ASSIGNMENT.
For this listing, reproduce the line with "Cinzento Usado 2018", the line with "304 Texas Street Property Photo 35", and the lines between, exactly as they stand. Leave out pictures and all other lines.

DATASET EXCERPTS.
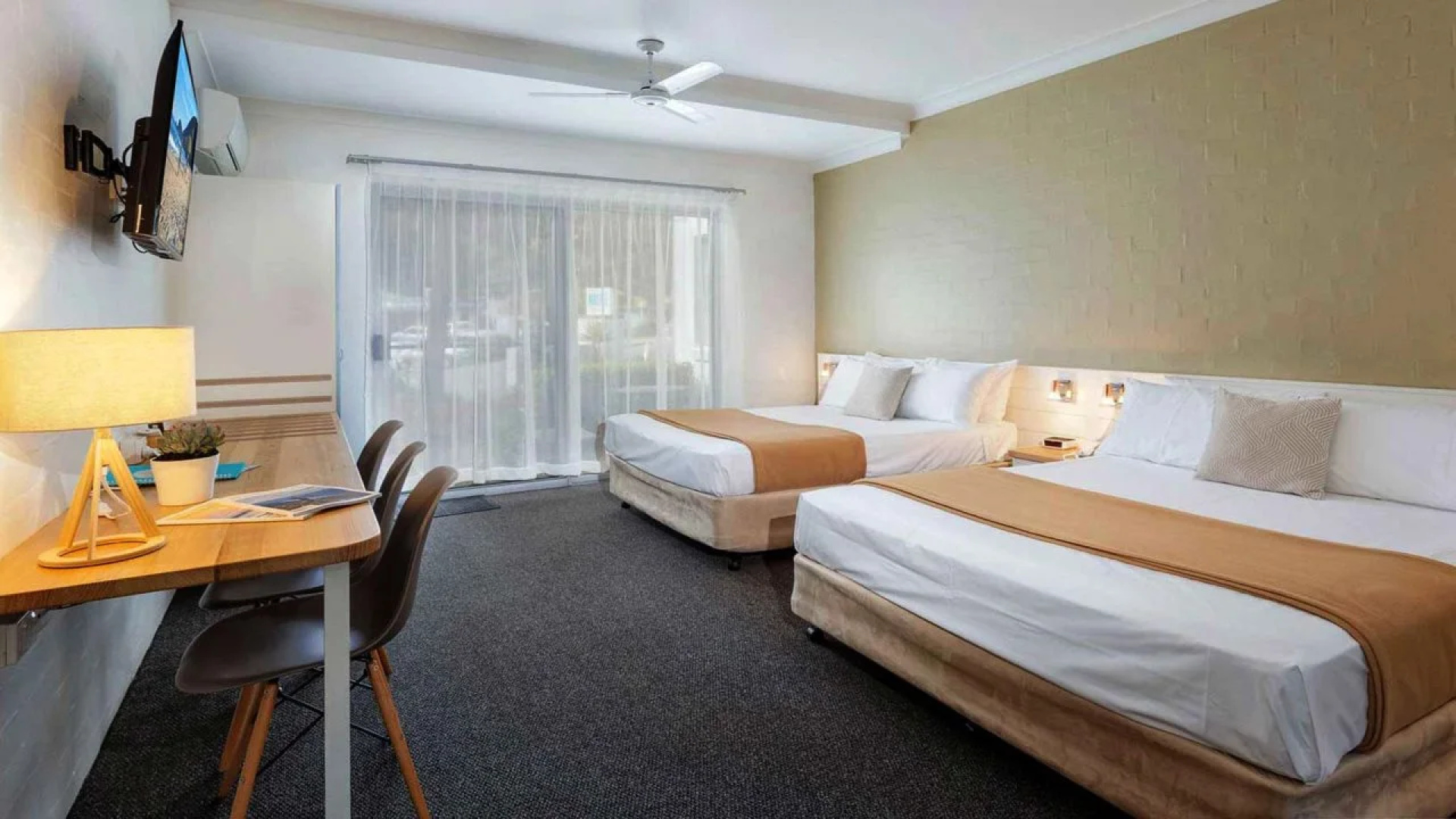 Blueys Motel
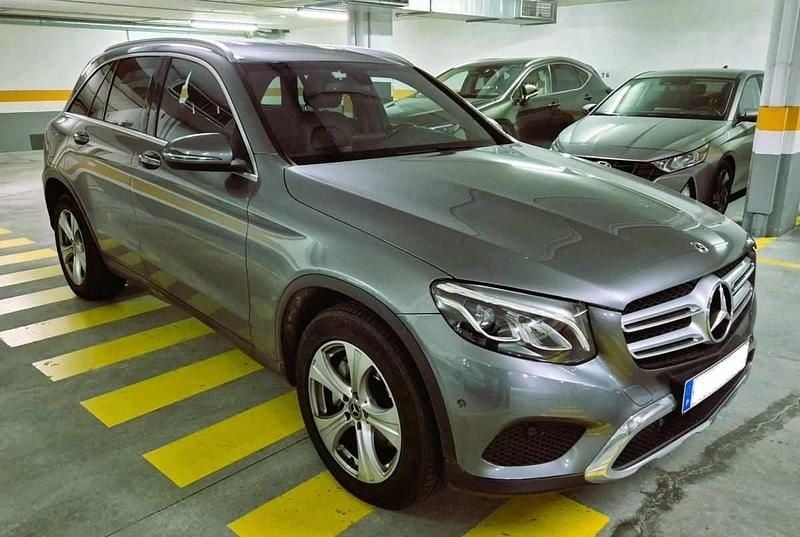 Cinzento Usado 2018 Mercedes GLC250 | € 34.500 (Bom preço) - Imagem 1/4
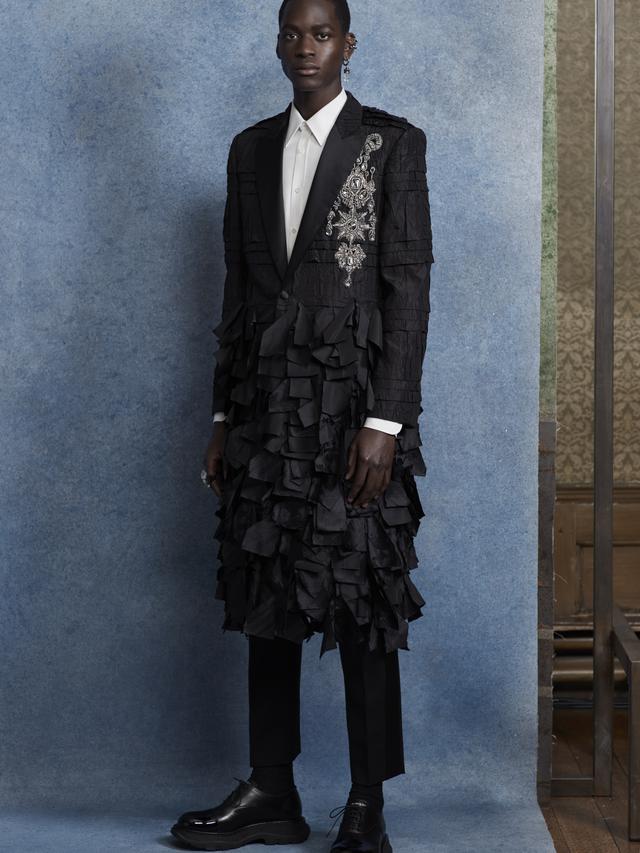 Koleksi busana Alexander McQueen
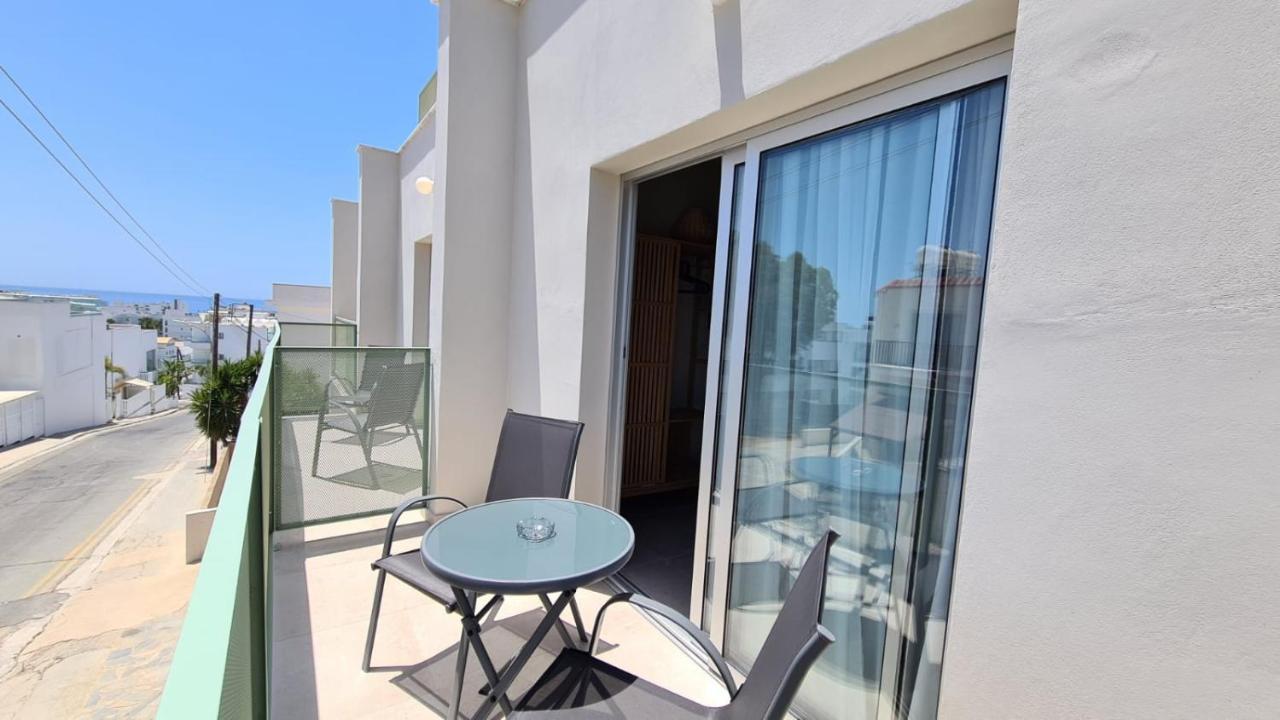 Kleio Aparthotel *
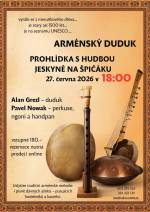 Arménský duduk v Jeskyni Na Špičáku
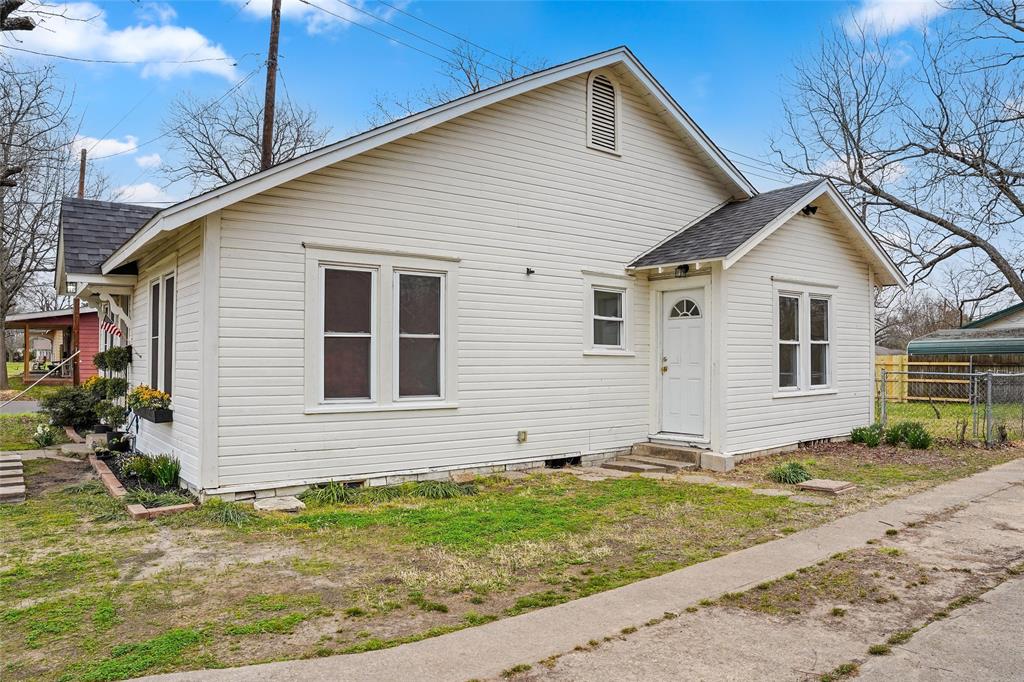 304 Texas Street Property Photo 35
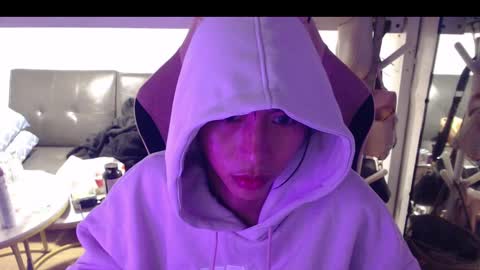 ELYSE A SIMPLE GIRL online show from December 8, 10:52 am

SOLUTION.
 Cinzento Usado 2018 Mercedes GLC250 | € 34.500 (Bom preço) - Imagem 1/4
 Koleksi busana Alexander McQueen
 Kleio Aparthotel *
 Arménský duduk v Jeskyni Na Špičáku
 304 Texas Street Property Photo 35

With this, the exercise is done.